Having just taught a class last night on tort liability in education, I thought it’d be fun to construct a hypothetical argument for a class-action case of educational malpractice [NOTE: I am fully aware that educational malpractice has been argued successfully in an actual court of law once, maybe twice, over the course of American judicial history]. Ed. Mal. is essentially a special class of negligence claims, and the elements of a negligence case are (c’mon Scott, Justin, etc…sing along with me!): duty, breach, cause harm.

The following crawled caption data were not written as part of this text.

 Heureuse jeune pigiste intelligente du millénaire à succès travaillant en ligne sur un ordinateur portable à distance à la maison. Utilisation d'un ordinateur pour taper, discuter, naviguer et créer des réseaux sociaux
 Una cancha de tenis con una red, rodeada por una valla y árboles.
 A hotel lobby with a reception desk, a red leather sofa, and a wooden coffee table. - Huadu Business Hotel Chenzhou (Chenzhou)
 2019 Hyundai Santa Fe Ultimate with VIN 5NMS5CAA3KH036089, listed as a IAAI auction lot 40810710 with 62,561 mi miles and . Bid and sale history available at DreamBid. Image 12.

DUTY: “Reasonably prudent person in the same or similar circumstances…” That’s the legal mumbojumbo. The specifics here? I’d argue that the standard of care owed to public schoolchildren these days is to provide learning conditions and practices that best develop (quoting language from the Partnership for 21st Century Skills) the “skills, knowledge and expertise necessary to succeed in work and life in the 21st century.”
BREACH: Are those conditions and practices in place? I’d say “no.” Conditions? Maybe. Student:computer ratios are lower than they’ve ever been (in the aggregate), but I would say that teachers (again, in the aggregate) are not prepared to teach 21st century skills and dispositions. Practices? Well, there’s plenty of empirical evidence of how little time the average U.S. student spends using computers in schools. Try these data on for size:

But, computer use, in and of itself, is not a singular indicator of 21st century schooling practices. So, here’s some more data:

HARM: I’ll skip “cause” for now…if we can successfully argue that there has been a breach of duty, what (concrete, quantifiable) harm has been done? Tough to prove. But, what if the plaintiffs were a group of recent college graduates who were having trouble obtaining competitive jobs in the technology sector; they were regularly being beaten out by recent immigrants who were deemed to be better educated and prepared in their native countries? It seems to me that we wouldn’t have a hard time finding such plaintiffs.

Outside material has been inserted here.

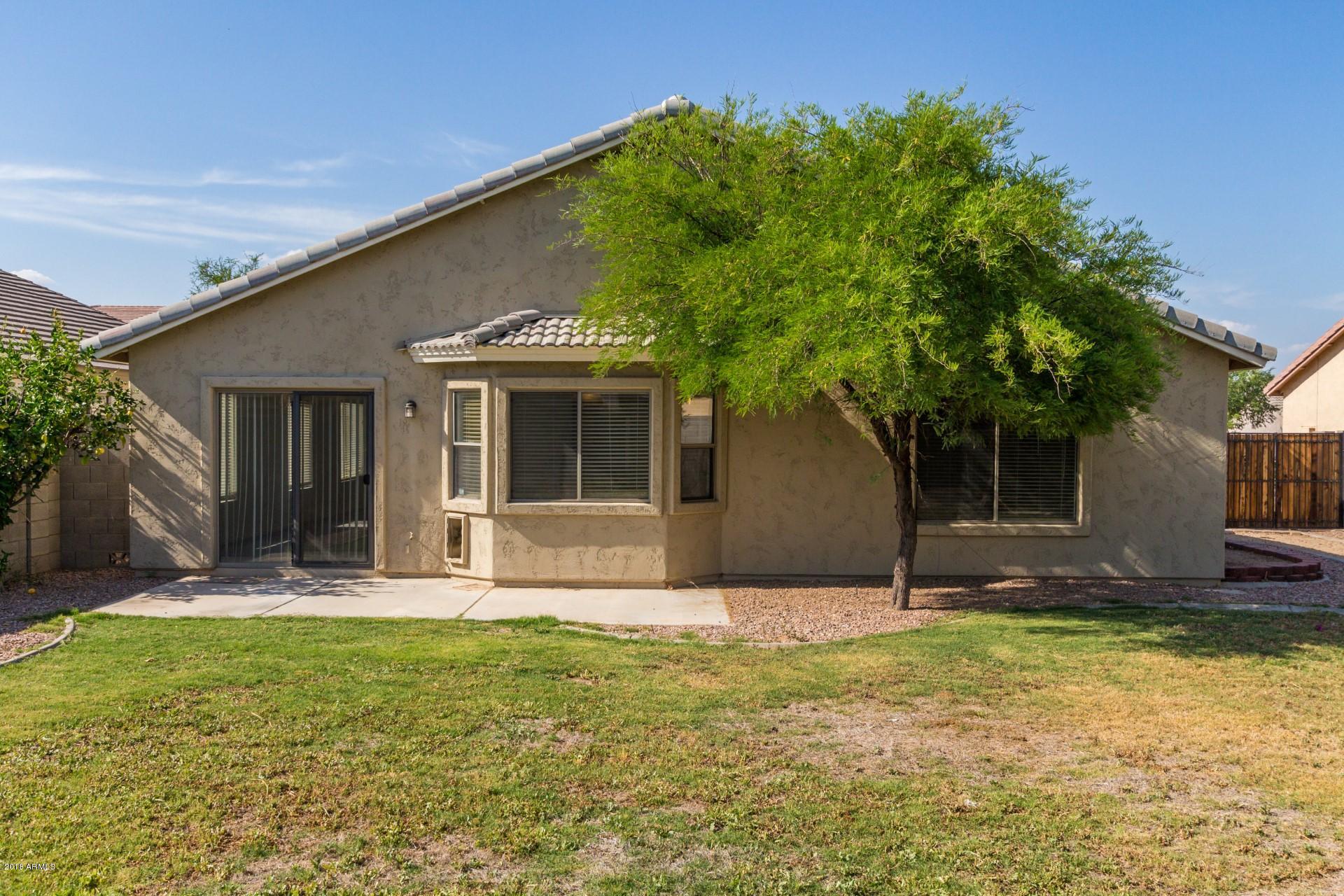 2129 West Carson Road Phoenix, AZ 85041 - Photo 22 of 22 a front view of a house with a yard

CAUSE: Negligence plaintiffs carry the burden of demonstrating “cause-in-fact;” that is, but for the breach of duty, the harm would not have occurred. I guess this boils down to a question of whether the institution of public schooling is solely (largely? mostly?) responsible for the plaintiffs lack of competitiveness. There’s also the element of proximate cause…was the harm a foreseeable consequence of the nonfeasance (i.e. failure to affirmatively offer proper conditions and practices)? I would say that proximate cause is easier to demonstrate than cause-in-fact; there’s been plenty of rhetoric around the consequences of sticking with the status quo in education.
This is all, obviously, meant to be hypothetical and somewhat playful. But, I hope this post does cause (pun intended?) some discussion about what standard of care our public school students are owed? And, what are the consequences of failing to uphold our duty?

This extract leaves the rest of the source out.